With summer fast approaching, many employers are planning on bringing young people into the workplace for employment and experience. Depending on your summer plans, there are a few tips you should consider to make sure your young people are properly engaged, prepared and will benefit from the experience.
Ensure youths are properly classified. Employers are required to pay teen employees at least the federal youth minimum wage and overtime under the Fair Labor Standards Act (FLSA), unless the worker is covered by a higher state wage rate.

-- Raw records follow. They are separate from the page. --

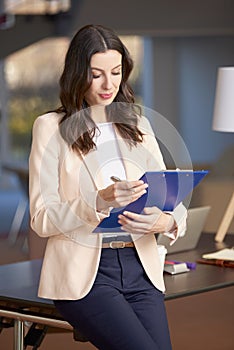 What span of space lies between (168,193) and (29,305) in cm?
71

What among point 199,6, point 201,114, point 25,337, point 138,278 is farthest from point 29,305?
point 201,114

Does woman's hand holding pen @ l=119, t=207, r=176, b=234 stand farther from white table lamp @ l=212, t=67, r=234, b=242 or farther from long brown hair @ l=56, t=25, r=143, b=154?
white table lamp @ l=212, t=67, r=234, b=242

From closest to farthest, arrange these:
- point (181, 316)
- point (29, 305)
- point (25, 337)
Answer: point (29, 305), point (25, 337), point (181, 316)

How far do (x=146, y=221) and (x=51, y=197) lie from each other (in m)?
0.27

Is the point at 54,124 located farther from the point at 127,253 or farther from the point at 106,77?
the point at 127,253

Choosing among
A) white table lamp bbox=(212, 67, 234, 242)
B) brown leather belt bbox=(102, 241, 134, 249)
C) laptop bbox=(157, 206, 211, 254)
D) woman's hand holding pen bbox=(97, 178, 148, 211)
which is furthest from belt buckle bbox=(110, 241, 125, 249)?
white table lamp bbox=(212, 67, 234, 242)

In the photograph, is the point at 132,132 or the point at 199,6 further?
the point at 199,6

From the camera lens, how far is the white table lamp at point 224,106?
421 centimetres

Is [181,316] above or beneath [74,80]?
beneath

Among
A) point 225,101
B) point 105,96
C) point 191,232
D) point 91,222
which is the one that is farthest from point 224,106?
point 91,222

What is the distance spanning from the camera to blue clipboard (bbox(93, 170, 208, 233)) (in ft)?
8.06

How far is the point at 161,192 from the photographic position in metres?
2.51

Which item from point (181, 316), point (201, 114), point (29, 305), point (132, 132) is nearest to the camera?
point (132, 132)

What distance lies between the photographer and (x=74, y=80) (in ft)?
8.47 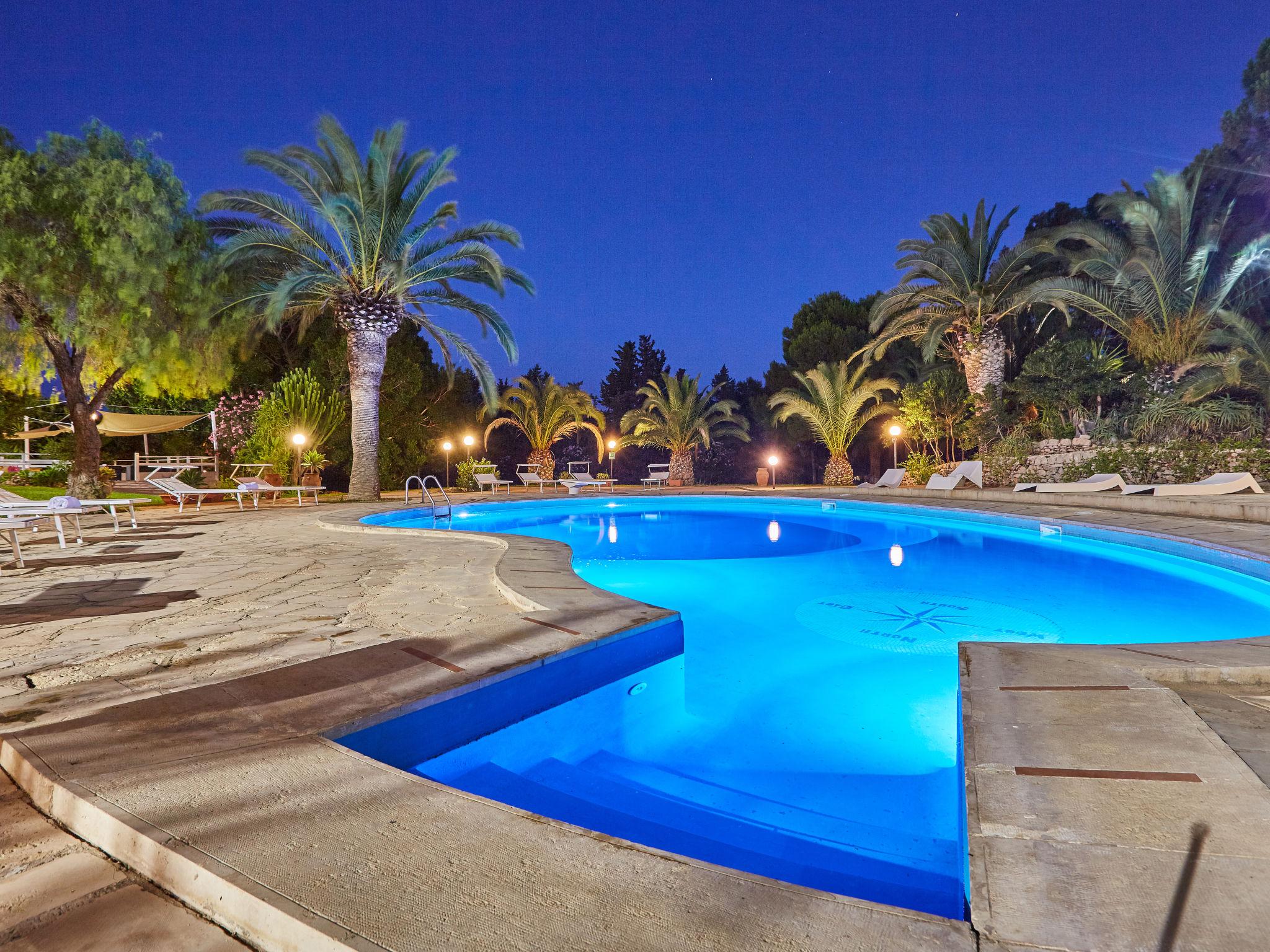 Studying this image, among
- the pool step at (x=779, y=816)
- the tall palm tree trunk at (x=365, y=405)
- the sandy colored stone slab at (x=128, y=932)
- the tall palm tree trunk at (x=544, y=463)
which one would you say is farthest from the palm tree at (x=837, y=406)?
the sandy colored stone slab at (x=128, y=932)

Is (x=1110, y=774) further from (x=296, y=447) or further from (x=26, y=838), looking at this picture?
(x=296, y=447)

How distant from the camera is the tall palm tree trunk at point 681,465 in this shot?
21875 mm

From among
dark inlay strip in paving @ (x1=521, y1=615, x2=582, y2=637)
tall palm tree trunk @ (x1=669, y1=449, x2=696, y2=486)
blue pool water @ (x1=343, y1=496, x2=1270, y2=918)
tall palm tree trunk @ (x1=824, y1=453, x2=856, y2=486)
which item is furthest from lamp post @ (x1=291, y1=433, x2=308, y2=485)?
tall palm tree trunk @ (x1=824, y1=453, x2=856, y2=486)

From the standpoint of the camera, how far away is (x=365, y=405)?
1443 centimetres

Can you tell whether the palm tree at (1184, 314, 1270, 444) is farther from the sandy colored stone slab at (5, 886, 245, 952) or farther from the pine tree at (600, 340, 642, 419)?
the pine tree at (600, 340, 642, 419)

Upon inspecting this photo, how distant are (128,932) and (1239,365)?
1660 cm

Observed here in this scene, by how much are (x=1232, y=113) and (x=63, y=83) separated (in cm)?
5566

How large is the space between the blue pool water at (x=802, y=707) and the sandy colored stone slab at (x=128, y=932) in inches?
34.4

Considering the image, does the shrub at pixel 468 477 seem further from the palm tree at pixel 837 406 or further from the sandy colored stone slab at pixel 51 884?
the sandy colored stone slab at pixel 51 884

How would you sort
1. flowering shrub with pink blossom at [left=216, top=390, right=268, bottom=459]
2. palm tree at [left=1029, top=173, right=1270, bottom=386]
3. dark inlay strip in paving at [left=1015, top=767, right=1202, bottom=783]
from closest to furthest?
dark inlay strip in paving at [left=1015, top=767, right=1202, bottom=783], palm tree at [left=1029, top=173, right=1270, bottom=386], flowering shrub with pink blossom at [left=216, top=390, right=268, bottom=459]

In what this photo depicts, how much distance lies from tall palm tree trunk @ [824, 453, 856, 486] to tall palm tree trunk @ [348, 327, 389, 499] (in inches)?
480

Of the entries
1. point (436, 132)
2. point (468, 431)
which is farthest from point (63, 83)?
point (468, 431)

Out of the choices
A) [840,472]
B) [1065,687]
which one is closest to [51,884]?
[1065,687]

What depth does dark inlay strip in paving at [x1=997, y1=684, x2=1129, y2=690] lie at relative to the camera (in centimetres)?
245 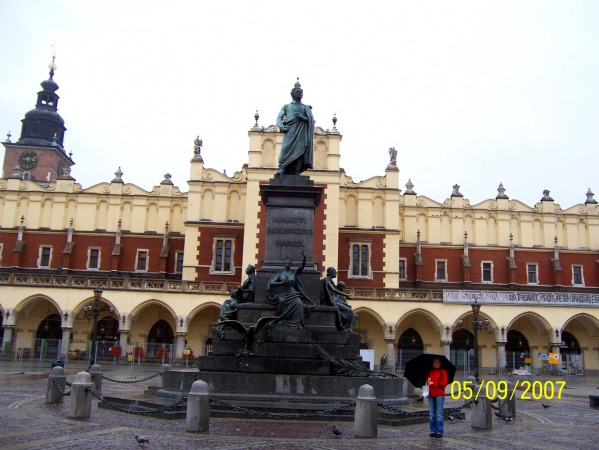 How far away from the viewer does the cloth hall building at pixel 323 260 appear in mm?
37094

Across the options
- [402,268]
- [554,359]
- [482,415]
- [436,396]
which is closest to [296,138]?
[436,396]

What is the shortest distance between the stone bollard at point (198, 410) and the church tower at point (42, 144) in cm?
6187

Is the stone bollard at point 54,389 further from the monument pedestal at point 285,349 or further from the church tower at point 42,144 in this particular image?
the church tower at point 42,144

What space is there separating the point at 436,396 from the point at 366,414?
1.23 meters

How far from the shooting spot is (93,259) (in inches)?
1686

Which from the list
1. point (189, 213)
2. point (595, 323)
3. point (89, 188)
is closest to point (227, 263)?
point (189, 213)

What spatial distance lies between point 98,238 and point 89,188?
380cm

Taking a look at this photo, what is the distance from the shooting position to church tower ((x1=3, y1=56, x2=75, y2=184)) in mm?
66938

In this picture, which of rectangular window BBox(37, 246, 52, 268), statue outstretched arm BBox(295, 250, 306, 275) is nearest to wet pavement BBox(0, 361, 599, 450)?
statue outstretched arm BBox(295, 250, 306, 275)

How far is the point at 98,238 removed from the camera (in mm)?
43000

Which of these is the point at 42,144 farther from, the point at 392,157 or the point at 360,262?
the point at 360,262

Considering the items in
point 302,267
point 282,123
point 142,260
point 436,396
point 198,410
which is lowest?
point 198,410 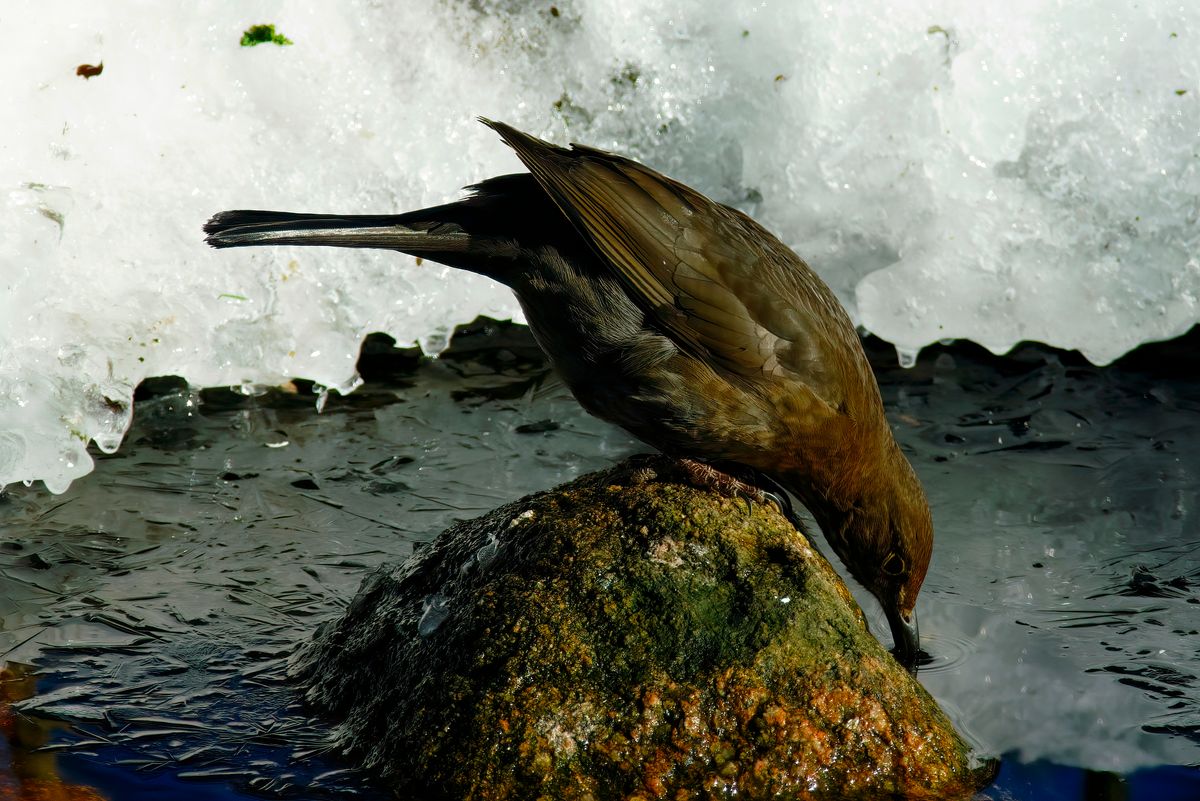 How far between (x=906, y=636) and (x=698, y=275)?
4.41 ft

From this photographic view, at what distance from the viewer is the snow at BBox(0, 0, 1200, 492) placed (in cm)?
593

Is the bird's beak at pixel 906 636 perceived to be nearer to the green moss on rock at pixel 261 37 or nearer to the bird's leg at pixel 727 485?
the bird's leg at pixel 727 485

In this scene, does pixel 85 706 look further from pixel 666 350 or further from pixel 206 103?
pixel 206 103

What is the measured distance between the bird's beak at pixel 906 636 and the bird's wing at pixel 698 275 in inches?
28.5

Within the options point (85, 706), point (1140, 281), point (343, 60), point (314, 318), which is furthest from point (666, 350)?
point (1140, 281)

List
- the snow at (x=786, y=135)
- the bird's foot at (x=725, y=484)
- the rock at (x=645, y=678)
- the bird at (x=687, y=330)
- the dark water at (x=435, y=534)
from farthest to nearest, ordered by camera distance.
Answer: the snow at (x=786, y=135) < the bird at (x=687, y=330) < the bird's foot at (x=725, y=484) < the dark water at (x=435, y=534) < the rock at (x=645, y=678)

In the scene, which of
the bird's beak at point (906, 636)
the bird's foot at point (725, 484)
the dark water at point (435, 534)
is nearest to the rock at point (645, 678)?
the bird's foot at point (725, 484)

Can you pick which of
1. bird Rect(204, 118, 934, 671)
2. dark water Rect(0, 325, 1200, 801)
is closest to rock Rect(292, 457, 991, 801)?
dark water Rect(0, 325, 1200, 801)

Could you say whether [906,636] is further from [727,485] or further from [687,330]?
[687,330]

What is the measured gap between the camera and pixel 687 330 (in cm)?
398

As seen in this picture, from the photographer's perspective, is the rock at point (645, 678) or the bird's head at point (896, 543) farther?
the bird's head at point (896, 543)

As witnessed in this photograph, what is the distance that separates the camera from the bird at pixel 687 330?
155 inches

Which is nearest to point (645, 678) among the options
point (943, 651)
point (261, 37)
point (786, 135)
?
point (943, 651)

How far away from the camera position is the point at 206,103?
5871 mm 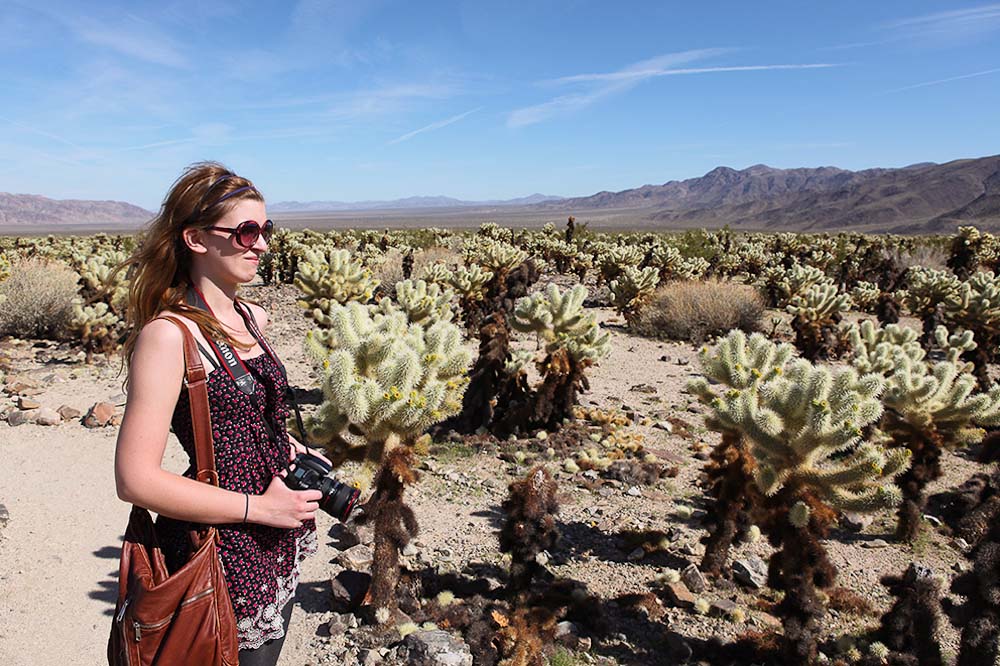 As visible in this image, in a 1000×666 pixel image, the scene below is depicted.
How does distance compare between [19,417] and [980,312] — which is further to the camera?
[980,312]

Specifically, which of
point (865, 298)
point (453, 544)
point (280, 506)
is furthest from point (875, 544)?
point (865, 298)

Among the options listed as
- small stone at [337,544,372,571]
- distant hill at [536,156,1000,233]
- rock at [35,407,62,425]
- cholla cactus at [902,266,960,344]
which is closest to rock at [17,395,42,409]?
rock at [35,407,62,425]

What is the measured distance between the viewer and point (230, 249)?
1.72 m

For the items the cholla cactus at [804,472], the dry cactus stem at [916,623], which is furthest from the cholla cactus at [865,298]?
the dry cactus stem at [916,623]

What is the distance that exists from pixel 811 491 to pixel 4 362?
32.5 ft

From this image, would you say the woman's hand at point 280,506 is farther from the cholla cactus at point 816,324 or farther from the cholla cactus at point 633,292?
the cholla cactus at point 633,292

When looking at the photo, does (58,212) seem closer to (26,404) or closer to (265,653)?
(26,404)

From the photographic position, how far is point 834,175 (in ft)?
649

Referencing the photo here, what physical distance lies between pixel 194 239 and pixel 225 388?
419mm

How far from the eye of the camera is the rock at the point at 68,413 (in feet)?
21.4

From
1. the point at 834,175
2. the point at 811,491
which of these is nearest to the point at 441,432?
the point at 811,491

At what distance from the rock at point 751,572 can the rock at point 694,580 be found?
235mm

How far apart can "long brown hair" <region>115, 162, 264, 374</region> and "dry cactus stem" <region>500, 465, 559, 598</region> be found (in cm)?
196

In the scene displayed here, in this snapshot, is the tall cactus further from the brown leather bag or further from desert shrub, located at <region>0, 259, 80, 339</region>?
desert shrub, located at <region>0, 259, 80, 339</region> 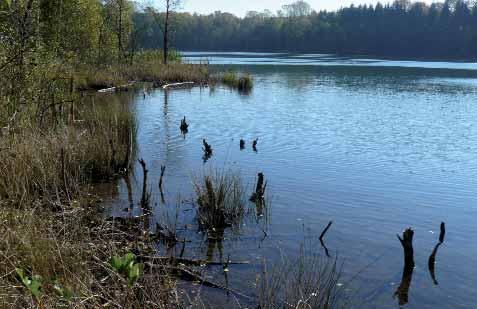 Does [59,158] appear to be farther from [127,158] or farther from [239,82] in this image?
[239,82]

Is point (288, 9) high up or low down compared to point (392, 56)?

Unfortunately, a young worker’s status is not always clear cut. That’s where employers offering unpaid summer internships need to take care. The U.S. Department of Labor has a six-part test for the use of unpaid interns by private employers:
- The internship, even though it includes actual operation of the facilities of the employer, is similar to training which would be given in an educational environment;
- The internship experience is for the benefit of the intern;
- The intern does not displace regular employees, but works under close supervision of existing staff;
- The employer that provides the training derives no immediate advantage from the activities of the intern; and on occasion its operations may actually be impeded;
- The intern is not necessarily entitled to a job at the conclusion of the internship; and
- The employer and the intern understand that the intern is not entitled to wages for the time spent in the internship.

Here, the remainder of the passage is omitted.